Sarebbe bello per un proprietario di paesaggio rurale coltivare grano, è una coltivazione facile, si ara, si semina, si concima e si raccoglie. E sarebbe bello sapere che dalle tre tonnellate che il buon Dio con la Sua provvidenza regala a noi umani si potrebbe ottenere un reddito in grado di far vivere tante famiglie. Per farlo c’è bisogno di mettere tutto insieme il grano duro del Salento leccese e comunicare i dati della produzione. Sempre insieme si dovrebbero trasformare le 87mila tonnellate di grano duro del Salento leccese in farina. Un buon impianto di macinazione ha una resa del 60-64% di semola e dell’8-12% in farinette. Il Salento leccese è in grado di dare 55mila tonnellate di farina! E che fare delle 50 mila tonnellate di pasta?

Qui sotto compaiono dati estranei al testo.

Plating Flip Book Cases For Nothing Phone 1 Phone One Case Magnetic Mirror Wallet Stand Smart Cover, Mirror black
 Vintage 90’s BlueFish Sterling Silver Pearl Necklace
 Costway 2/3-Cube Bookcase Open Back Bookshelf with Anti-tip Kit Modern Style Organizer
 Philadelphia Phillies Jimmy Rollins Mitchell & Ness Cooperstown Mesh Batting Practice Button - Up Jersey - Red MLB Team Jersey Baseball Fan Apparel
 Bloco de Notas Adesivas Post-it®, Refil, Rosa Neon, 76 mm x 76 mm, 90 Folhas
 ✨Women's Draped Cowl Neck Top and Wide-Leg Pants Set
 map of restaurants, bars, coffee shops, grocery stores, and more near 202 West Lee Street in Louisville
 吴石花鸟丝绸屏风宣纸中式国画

Il consumo della pasta del Salento leccese

L’Italia, con oltre 3.1 milioni di tonnellate prodotte e 28 kg di consumo medio pro capite annuo, figura come il Paese leader indiscusso della tradizione pastaia. Ogni 10 piatti di pasta sfornati a ogni longitudine e latitudine, ben 3 sono infatti realizzati con pasta italiana. Quindi noi 800mila abitanti del Salento leccese potremmo auto consumare circa la metà della pasta prodotta ovvero 25mila tonnellate delle 55mila se scegliessimo da consumare in casa solo pasta prodotta con il grano duro del Salento leccese. Vi lascio pensare che cosa significhi conquistare anche un solo mercato estero! Una coltivazione facile diverrebbe anche una coltivazione che da la ricchezza! Una filiera tutta del Salento leccese è la soluzione! Le Organizzazioni professionali dei produttori agricoli dovrebbero lavorare su questa ipotesi e sin d’ora metto a disposizione l’Associazione Dottori in Scienze Agrarie e Forestali della Provincia di Lecce che ho l’onore di presiedere per costruire insieme un progetto che sta in piedi con le sue gambe e senza finanziamenti da parte di nessuno!